☎️ Interview: Christine Huang, Data Privacy & Protection at SAP on the State of Privacy-Enhancing Technologies #001
On why data-sharing is cultural; global data-sharing rules are unlikely; and a future tech stack won't be edge vs cloud
Collaborative computing is the next trillion-dollar market. We are at the beginning of fundamentally reshaping how data is used in the economy. When data can be shared internally and externally without barriers, the value of all data assets can be maximized for private and public value.
To explore the concept of Collaborative Computing in-depth, I spoke with Christine Huang, Data Privacy & Protection at SAP. Highlights include:
Why data sharing is cultural, so you want to encourage communication, collaboration and transparency
Why global data-sharing rules are unlikely because of different values
Why a future tech stack will be designed for business needs rather than a binary edge vs cloud dichotomy
"Once you have legal, compliance, tech and business aligned on using encryption-based data sharing tools, onboarding suppliers is the obvious next step. Once you’ve gone beyond the organisational boundary, you create a full data ecosystem."
How do you help customers inside and outside SAP make the most of their data assets?
It’s a journey that you go on with different people. The critical thing to remember is that every function inside an organisation has a different objective. Security folks see data assets as a way to make systems more secure. That’s how they will approach data assets. It’s not that they don't care or understand the importance of customer privacy or the value of data for analytics; it’s just not their primary concern. The same for the compliance team; they want to reduce risk and ensure processes around data are to the letter of the law. They want the analytics teams to have access to data, but within guide rails, they have set up. And well, the line of business folks want to access and use the data they need to make better decisions. None of this is inherently in conflict, but you can see how trade-offs will be made about using data assets.

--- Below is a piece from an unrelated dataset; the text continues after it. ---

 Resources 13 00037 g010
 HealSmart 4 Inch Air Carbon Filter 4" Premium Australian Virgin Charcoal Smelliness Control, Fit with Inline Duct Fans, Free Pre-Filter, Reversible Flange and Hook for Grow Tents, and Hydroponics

Now, on a day-to-day basis, what this means is that data ends up siloed. Business folks do not want to tell compliance exactly how they use data. Not because they are doing anything wrong but because they just don’t want to jump through a load of hoops and slow the team down. Everyone has deadlines to meet, and the reality is orchestration and communication with all the relevant teams can be slow. So the inevitable outcome, in this case, is underutilised data assets. The systems aren’t as secure as they can be. The company is taking more compliance risks than it should. Everyone is worse off in theory. How do we solve this? Well, it’s easy to say and much harder to implement. You want clear business objectives rather than business unit objectives to be prioritised. Much of this is cultural, so you want to encourage communication, collaboration and transparency. You want clear lines of communication between teams operating with good faith intentions.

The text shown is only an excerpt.